Start a contest on your site. I run an American Idol fan site just for fun, and one thing that we did to boost traffic to the site was run a competition to predict who the top three finalists were going to be, and we gave away CDs to everyone who got it right. This promotion got my site featured on several giveaway sites and was linked to in several other American Idol themed blogs. It resulted in a lot of traffic while the competition was open and we ended up getting a low more loyal readers to the site as a result. And with a fan site, you need as many readers as possible.
However, just having a competition or having great content isn’t always going to be enough, especially if you don’t already get a lot of traffic to your website.
You’re likely going to need to take matters into your own hands and do a little bit of self promotion. Also, keep in mind that not every type of linkbait you try is going to work. While I don’t like to use the term luck, since it implies you have no control, luck does play into things a little. Wildly successful linkbaiting campaigns require the right person or people seeing it at the right time.
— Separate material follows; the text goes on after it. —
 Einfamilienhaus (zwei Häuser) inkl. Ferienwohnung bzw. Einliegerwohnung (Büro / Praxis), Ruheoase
Some estimates that I’ve seen are that for every four attempts at linkbait, not just regular blog posts, but actual attempts to create linkbait, one of them will get some links. Maybe one in twenty will be homeruns. So this is kind of like baseball you’re going to strike out more than you get a hit, and only once in a while hit one out of the park, but when you do, be ready for massive traffic and links.
One thing that you should do when creating linkbait is to think like a copywriter. For example, the most important element of a salesletter is the headline. If you write a compelling headline that attracts attention, you’re halfway there. Linkbaiting is the same way you need to write great headlines that will attract attention. Fortunately, it’s really easy to see what type of headlines are working, just head over to digg.com or netscape.com and read the headlines of the items that have made the popular pages.
Also, you don’t want to write like you’re trying to get in a scientific journal. Again, write like a copywriter. Use short paragraphs, informal grammar (i.e. write like you talk), use slang when appropriate, feel free to insert pictures and videos.
Also, don’t be afraid to do a little self promotion. Don’t wait for someone else to submit your post to digg or netscape do it yourself. Post in related forums and ask what people think or even email other bloggers and ask them for a critique.
And that’s linkbaiting in a nutshell.
While it’s not quite as simple as article marketing or directory submissions, it has tremendous upside, and is well worth learning how to do.
One of these days I’ll upload my hour long tutorial from my now unavailable link building course, Mission Unlinkable, but for there are plenty of good guides you can find online if you Google it or search Youtube.